Cadrebbero in questo modo anche le assurde -ben note, in passato, e comunque ingannevoli in ogni tempo - pretese di "gabbie salariali" riproposte come panacea per risolvere i problemi della disoccupazione nel Sud.
Se proprio vogliamo, questo era compito tra i primi delle Regioni, che è venuto meno con puntuale fatalità e con drammatiche conseguenze. E ne sono prova i finanziamenti comunitari, destinati a progetti e iniziative produttive e occupazionali, ma rimasti a Bruxelles perché l'Italia, ma il Sud in modo particolare, non ha saputo immaginarne di validi. Fenomeno che non si è verificato per altri Stati, come il Portogallo, l'Irlanda, la Grecia, che pure non sono in condizioni socio-economiche molto diverse da quelle del Mezzogiorno d'Italia, e ai quali sono stati destinati i finanziamenti elusi da noi.

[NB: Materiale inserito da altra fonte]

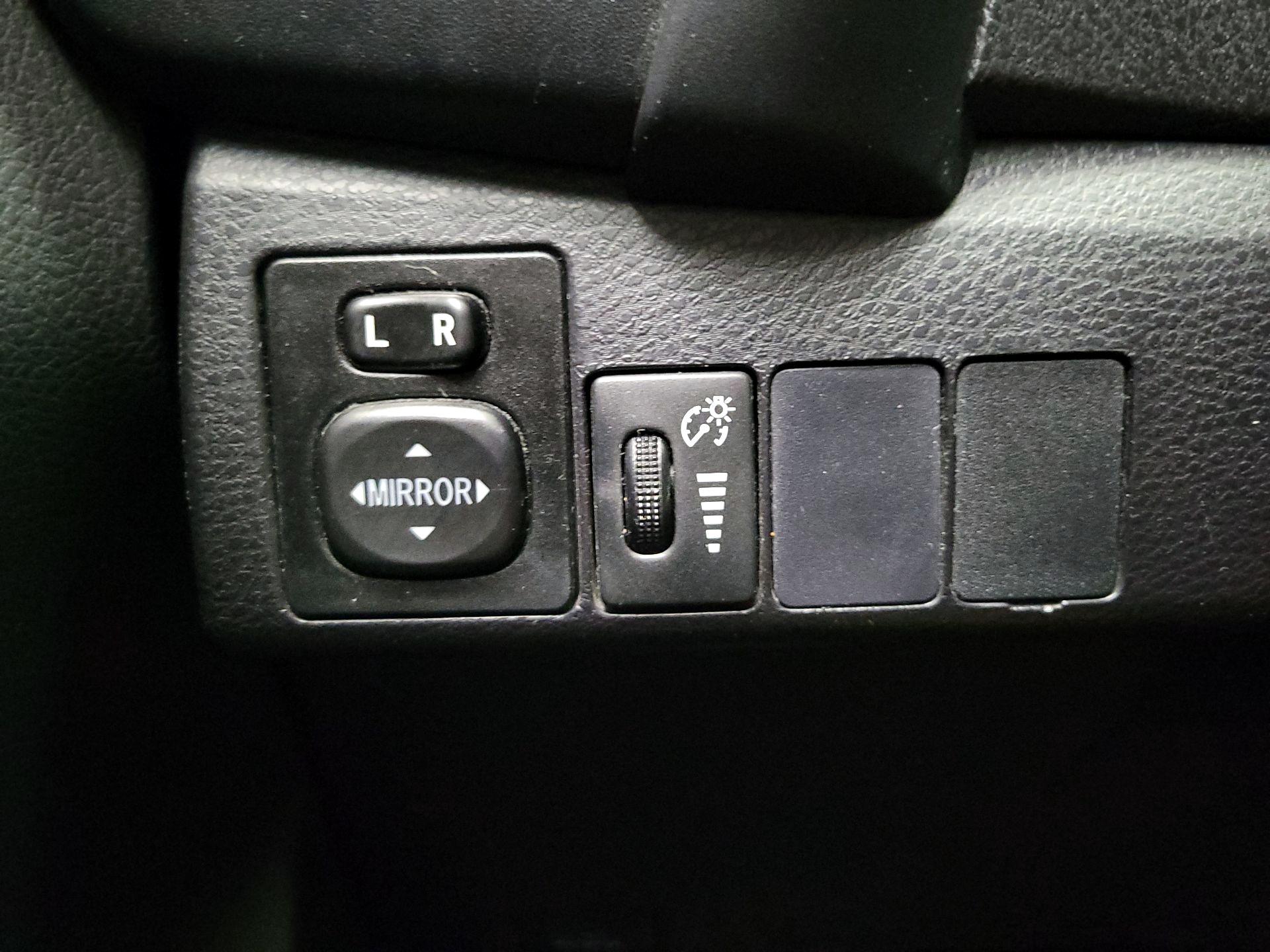 Thumbnail: 2017 Toyota Corolla - 13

Ciò significa innanzitutto crisi di ideazione, di progettualità e di previsione. Crisi tanto più grave, in quanto la materia prima c'è, la storia la conforta di uno spessore di prima grandezza, è alla base della civiltà europea; in quanto ci sono enti preposti a promuovere, in Italia e all'estero, l'afflusso turistico: enti che costano e che devono lavorare in modo diverso da quello del piccolo cabotaggio al quale la mentalità burocratica li ha abituati, per difetto d'origine; in quanto le condizioni finanziarie dello Stato e le esigenze della vita moderna non consentono più di alimentare l'elefantiasi burosaura, che costa e non produce: costa al cittadino e non produce per la collettività, tant'è che altrove, nei Paesi avanzati, è continuamente assottigliata dal ricorso a tecnologie d'avanguardia.

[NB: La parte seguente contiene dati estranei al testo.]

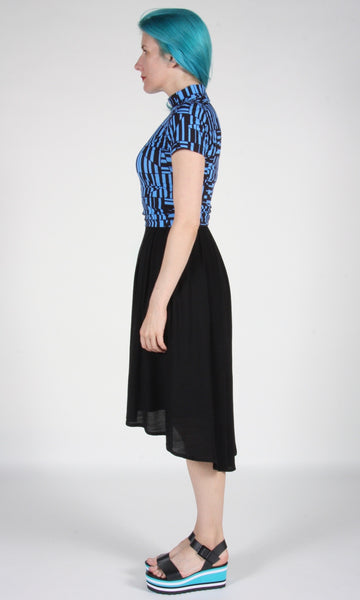 RN1469 - L - Shama Top - Violet/Black Shards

Torneranno, allora, a sorridere gli Dei nel Sud? E torneranno a risplendere le splendide pietre continentali, siciliane, sarde? Investiremo in arte, in cultura, in conoscenza, oltre che in fabbriche e in colletti bianchi? L'uomo, ha scritto Hegel, non è altro che la serie delle sue azioni. Ora, il Sud deve fare i conti col suo presente. E se ad un passato proprio deve collegarsi, non è, non può più essere quello che va dalla presa di Gaeta in poi, fino a ieri soltanto, ma quello che lo vide, nel Settecento, primeggiare in Italia e in Europa.

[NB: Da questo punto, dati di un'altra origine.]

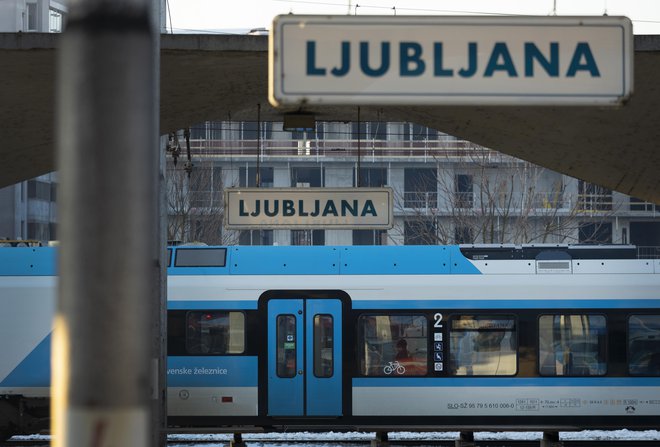 »Udobnost vlaka znamke Stadler je dokaj dobra. Pri odpiranju oziroma zapiranju pa se sliši glasen zvok po vsem vagonu. Vrata se tudi večkrat zaskočijo. Le kdo na Slovenskih železnicah (SŽ) je opravil kakovostni prevzem takšnih vlakov!« FOTO Jože Suhadolnik/Delo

Un vento neoilluministico, di strategie razionali, di progettualità creativa, deve percorrere una terra dai sogni spezzati, ma non del tutto distrutti. E' compito delle classi politica, amministrativa, imprenditoriale, e dei giovani, aprirsi varchi nel futuro, anche facendo ricorso alle "materie immateriali" che sono il più alto patrimonio di cui dispongono a cielo aperto. Altrimenti, riseppelliamo le pietre del Sud. Che ci ricordano quanto fummo grandi, e quanto poco siamo, al confronto con quella grandezza.